His visit came out of the blue. He’d been quiet for a while and no news is good news as far as Gazza is concerned.
Gazza news tends to break on the front page of the UK Sun newspaper and has often involved alcohol or worse: an all-too-frequent splash was of a night out gone wrong.
It usually told of emptied bars, mangled cars or even buses and paralytic companions. And amid all this would be the dishevelled national treasure cutting a destitute figure with a 1,000-yard stare.
Pals like Gary Lineker and Piers Morgan would rally to send him into pricey detox centres and it would go quiet – until the next time.
He’s been to more clinics than clubs, including the celebrity rehab centre in Tucson, Arizona, that finally put him straight. Touch wood.
Hyper-active as a child, he was already a practical joker when he emerged as a teenage wonder boy at hometown club, Newcastle United.
Then came a big money move to London with Spurs outbidding Manchester United. His England heroics in the 1990 World Cup came while at Tottenham who then sold him to Lazio.
The Italians had to wait a year for his knee to heal, but one Maradona-esque goal in the Rome derby won the fans over.
And he was still doing pranks: a snake in Roberto di Matteo’s jacket pocket being one. “You’ve never seen anyone jump so high,” Gazza recalled.
But it was at Rangers, who brought him home from Italy, where he felt the most loved, although he almost didn’t go.
Fans enjoying a rip-roarious evening with Gazza in Kuala Lumpur on Monday. (Melbourne Capital Group pic)
“When I was told Rangers wanted me, I said ‘nah, I’m not going there’ – thinking it was Queen’s Park Rangers. When I found it was the real Rangers, I jumped at it.”
And the feeling was reciprocated by the Malaysian branch of the Rangers Supporters Club on Monday.
He played some of his best football for the Glasgow club, perhaps most memorably scoring a hat-trick against Aberdeen to clinch the ninth Scottish League title in a row and equal Celtic’s record.
He feared he’d make a different sort of history though as one joke played on him took a sinister turn.
It seemed harmless enough when a teammate at Rangers egged him on to imitate a flute player in front of the crowd.
He said: “I thought it was just a bit of fun. But all hell broke loose and I thought the IRA were gonna kill me.”
Unbeknown to the Englishman, it was a provocative act in sectarian Glasgow and, at the height of the troubles in Northern Ireland, there were fears that Gazza would be a target of the Irish Republican Army (IRA).
It all seemed a long way from the innocent days when he’d “borrowed” an ostrich from London Zoo and took it to training. He unleashed the creature and mayhem inevitably ensued.
He had to stay till darkness fell before he got hold of it. He asked: “Have you ever tried to catch an ostrich?”
After the laughter died, there was a poignant departure.

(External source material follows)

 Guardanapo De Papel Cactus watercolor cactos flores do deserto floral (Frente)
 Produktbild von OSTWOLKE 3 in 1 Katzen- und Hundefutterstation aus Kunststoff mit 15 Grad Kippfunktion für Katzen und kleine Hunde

He walked out briskly with nary a glance at the big screens showing the World Cup – a thriller between Ghana and South Korea.
You felt that he is still walking something of a tightrope – putting the past behind him except for release among friends on such occasions.
He’s been given yet another chance to be on the straight and narrow and nothing is going to make him deviate.
Watching football in a pub might just be a temptation too far.
Well done, Gazza and thanks for the memories.